Newswise — The International Alliance for Phytobiomes Research is pleased to announce that the University of Maryland (UMD) has joined the organization as a sponsoring partner.
The Alliance is an international, nonprofit consortium of academic institutions, private companies, and government agencies. Launched in 2016, it is building a foundation for exploitation of the phytobiome for food security. “Phytobiomes” refers to a plant growing within a particular biome, enabling a holistic view of the production of crops, trees, and grasslands that includes the plant itself, all micro- and macro-organisms living in, on, or around the plant—such as microbes, animals, insects, and other plants—as well as the environment, which includes soil, air, water, weather, and climate.
The University of Maryland is one of the nation’s preeminent public research universities. Researchers in the University of Maryland Institute for Advanced Computer Studies (UMIACS), will bring extensive knowledge of genomic sequencing and bioinformatics to the Alliance, allowing for a detailed analysis of soil, water and air samples, as well as the organisms and other elements that inhabit those environments.
The university, located just outside of Washington, D.C., also has close research and educational ties to U.S. government labs and agencies like the U.S. Department of Agriculture, U.S. Food and Drug Administration, the National Institutes of Health, earth and climate specialists and the nearby NASA Goddard Space Flight Center, and more.
“The Phytobiomes Alliance proposes a holistic approach to solving one of the critical challenges facing our world—the sustainable production of food for the growing world population,” says Mihai Pop, a computational biologist at UMD who will be leading collaborative efforts with the Alliance. “We expect to contribute by bringing to bear unique expertise in machine learning and data science, high-performance computing, and metagenomics.”

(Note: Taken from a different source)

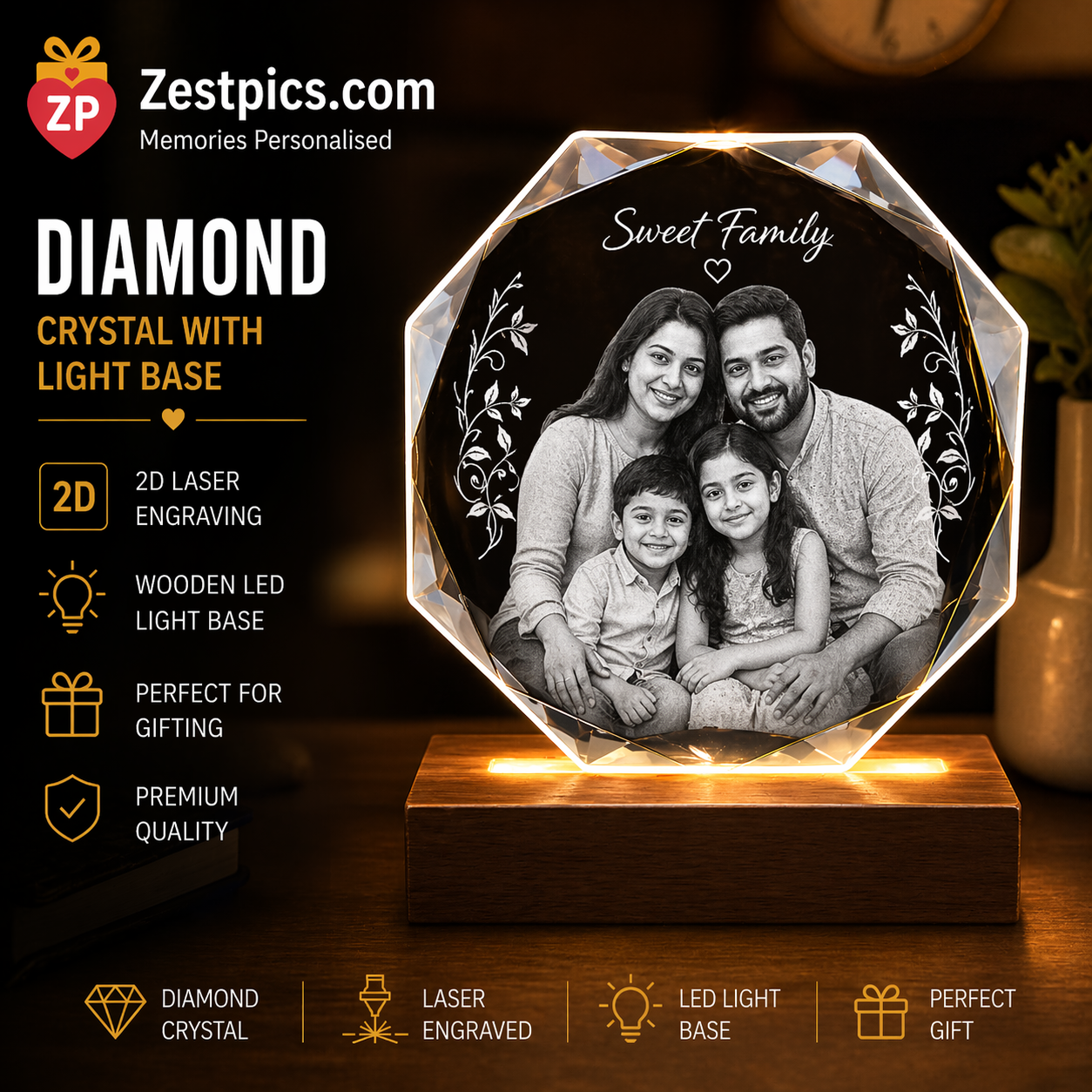Diamond crystal engraved family photo gift | Zestpics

Representatives of Phytobiomes Alliance sponsors serve on the organization’s coordinating committee, which identifies research projects, resource and technology gaps, establishes priorities, and develops strategic plans to achieve the Alliance’s goals.
“The University of Maryland brings to the Alliance a broad range of expertise in agricultural sciences including genetics, genomics, breeding, metagenomics, earth, climate, bioinformatics, and new technologies in high-performance computing,” says Kellye Eversole, the Phytobiomes Alliance executive director. “Mihai Pop’s background, experience, and knowledge will be extremely beneficial to the Alliance as we develop not only databases of disparate biological and geophysical information but also predictive and prescriptive analytics that could help growers increase the sustainable production of food, feed, and fiber.”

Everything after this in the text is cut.